Could this motivate new opportunities for Architects and Engineers to work hand in hand on future power plants?
The Somerset plant has already appointed Canaway Fleming as their lead architect due to the structures complex design and procurement structure. The project requires services including feasibility, concept design, masterplanning, development control, detailed design, environmental appraisal and design.
Canaway Fleming has described the complexity of the project:
“The projects included both major logistics infrastructure termed Associated Development and on-site buildings within the nuclear ‘island’ itself. The Associated Development, essential for enabling the construction of the main reactor site, is spread across 7 different sites and comprises road and utilities and civils infrastructure, multiple building design for residential, recreation, teaching and amenities, landscaping and security, landscaping and ecological works.”
With 25,000 new jobs on offer, an Accommodation Village has been designed to house key workers. AHP have been appointed to assist with the development which will spread over 15 buildings and include 500 single person accommodation units. The village will be a modern residential design to compliment the larger site.

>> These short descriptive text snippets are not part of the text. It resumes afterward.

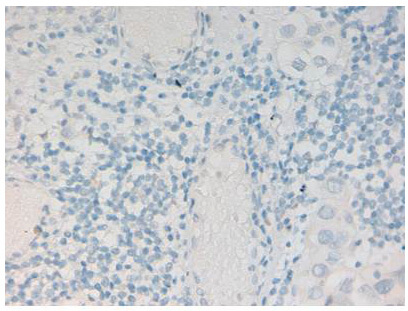 Anti-Histone H2AvD pS137 Antibody - Immunohistochemistry
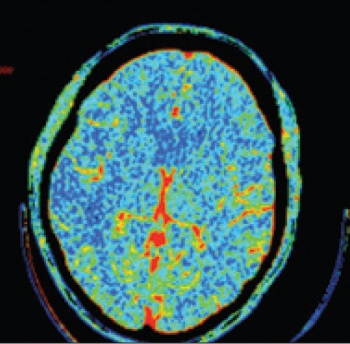 Figure 2(iii): CT perfusion imaging demonstrating large mismatch in the right MCA territory: increased mean transit time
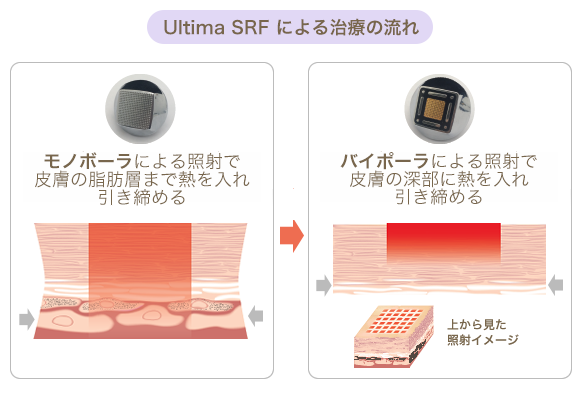 Ultima SRFによる治療の流れ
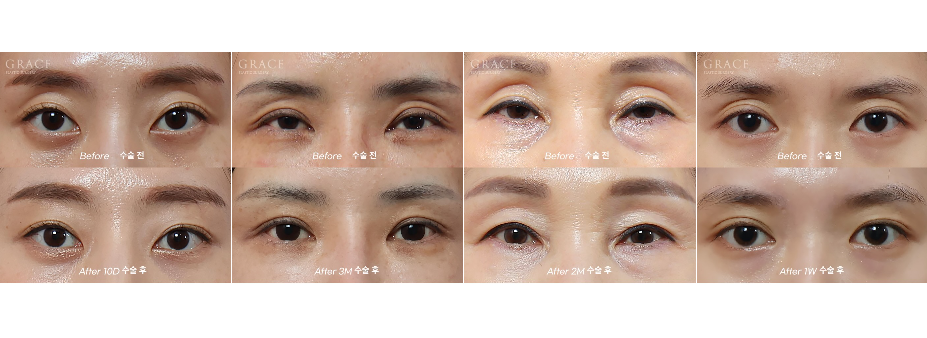 No to Frozen Fat That’s Completely Frozen! Eyelid Fat Grafting with Only Fresh Autologous Fat image 10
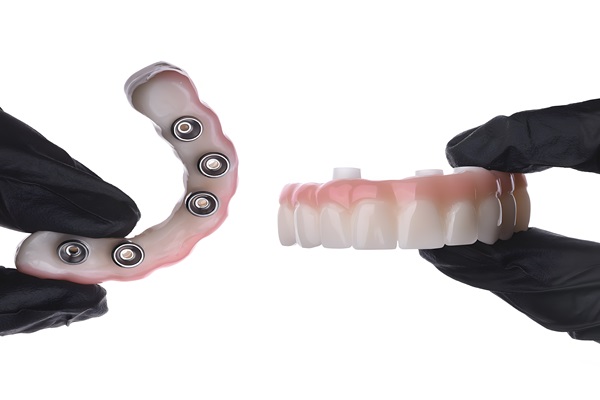 The Advantages Of Implant Supported Dentures Over Regular Ones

In addition, Hinkley Point C will not only create jobs, it will also positively benefit our economy in a number of ways. Thanks to EDF, a French energy company, and China General Nuclear Power Corporation, the costs for the project will not be coming off the back of government spending. The China General Nuclear Power Corporation have investment of 33% in the project which is beneficial to them as they now have a significant presence in Western Europe. For France, it gives them a chance to air their reactor technology around the globe.

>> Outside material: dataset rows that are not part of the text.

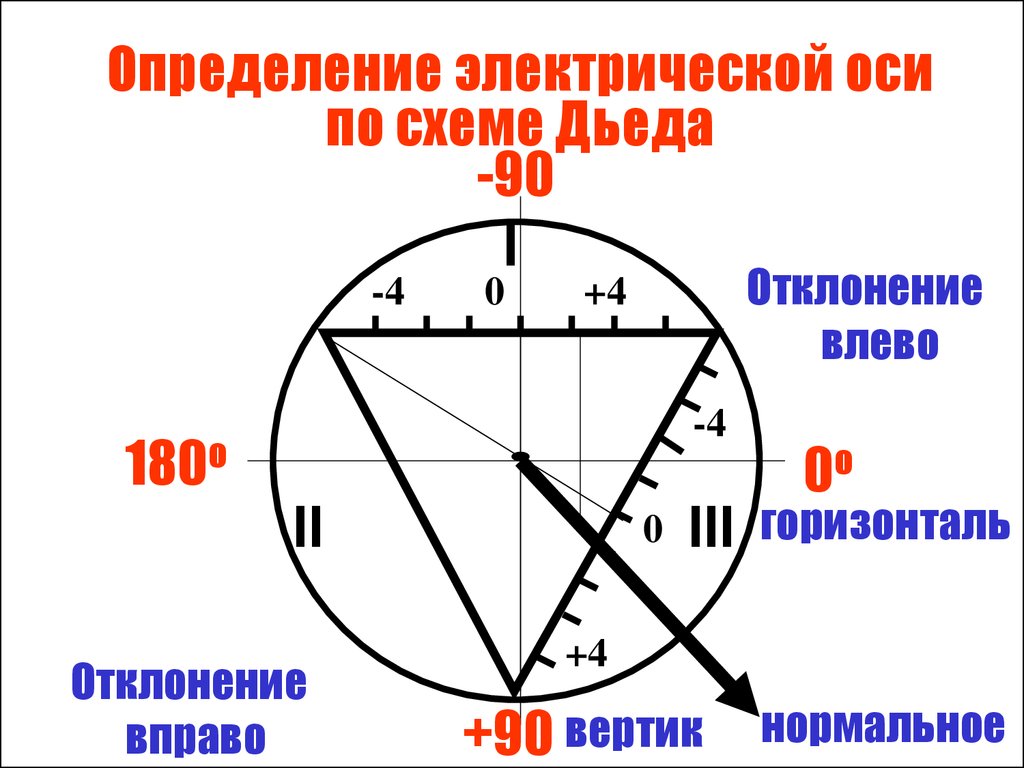 Электрическая ось сердца отклонена влево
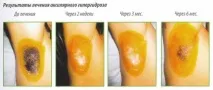 процедури
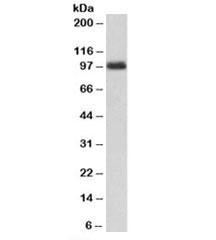 Anti-CSF3R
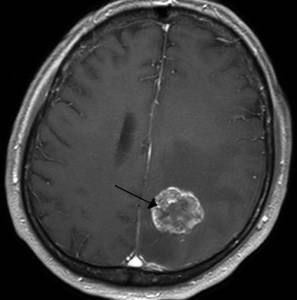 Почему у человека слабость болит голова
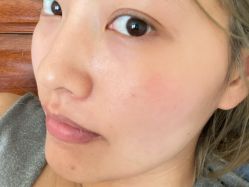 点击看大图 体验前-天津伊美尔医疗整形美容专科医院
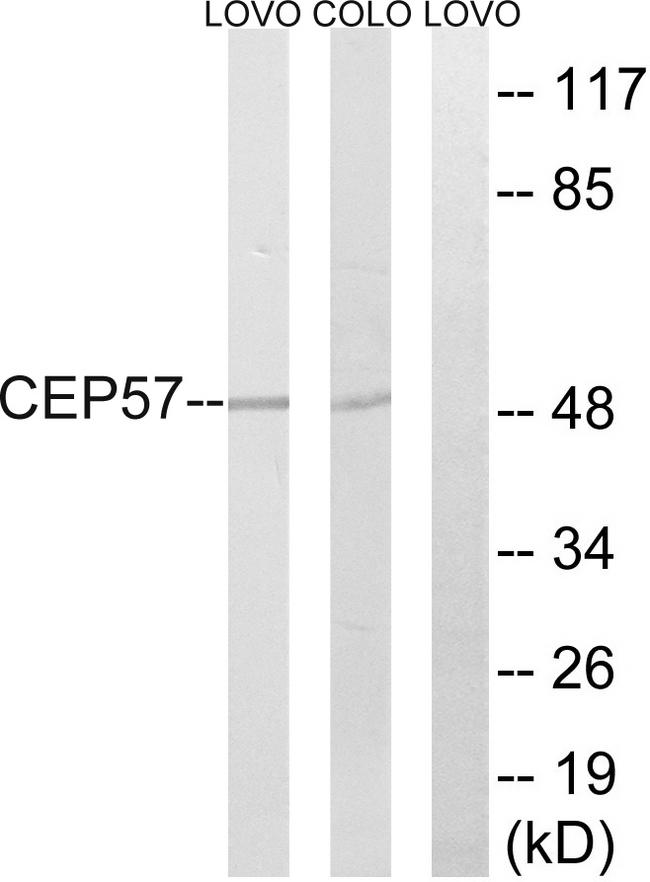 Translokin / CEP57 Antibody - Western blot analysis of extracts from LOVO cells and COLO cells, using MRPS7 antibody.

With Brexit looming, the Hinkley project is also beneficial as it makes the UK less reliant on imported energy. It has been predicted that, once finished, the project will provide 5 million homes with energy for up to 60 years which may compensate for its astronomical cost to build.
Despite the contracts being signed now, the timeline of the Hinkley project has not been a smooth one and not everyone is happy about the decision to go ahead.
The UK government recently postponed the approval for the Hinkley project as well as legal issues and a conflict between the EDF board, but now Brexit poses a problem for Hinkley. A report by City AM shows that £280bn is contributed to the economy by the engineering industry, but the restrictions Brexit poses on access to specialised skills could delay the building due to the increase expenses of finding skilled engineers.
Although the project is full steam ahead, a poll commissioned by Greenpeace revealed only a third of people actually supported the decision for the build to go ahead.
Whilst France are looking for new ways to showcase their reactor technology, Germany are in the process of phasing out all reactors by 2022, before the Hinkley project is expected to be built. Due to public demand, Italy are deserting any plans to build new nuclear plants.
The recent release of the governments Value for Money Assessment show a costly projection post 2020, which is also off putting for many.
Despite many arguments against Hinkley Point C, it seems that the project is set on its path to be completed by 2025. We will have to wait and see whether it is a catalyst for a global phenomenon of nuclear plant builds.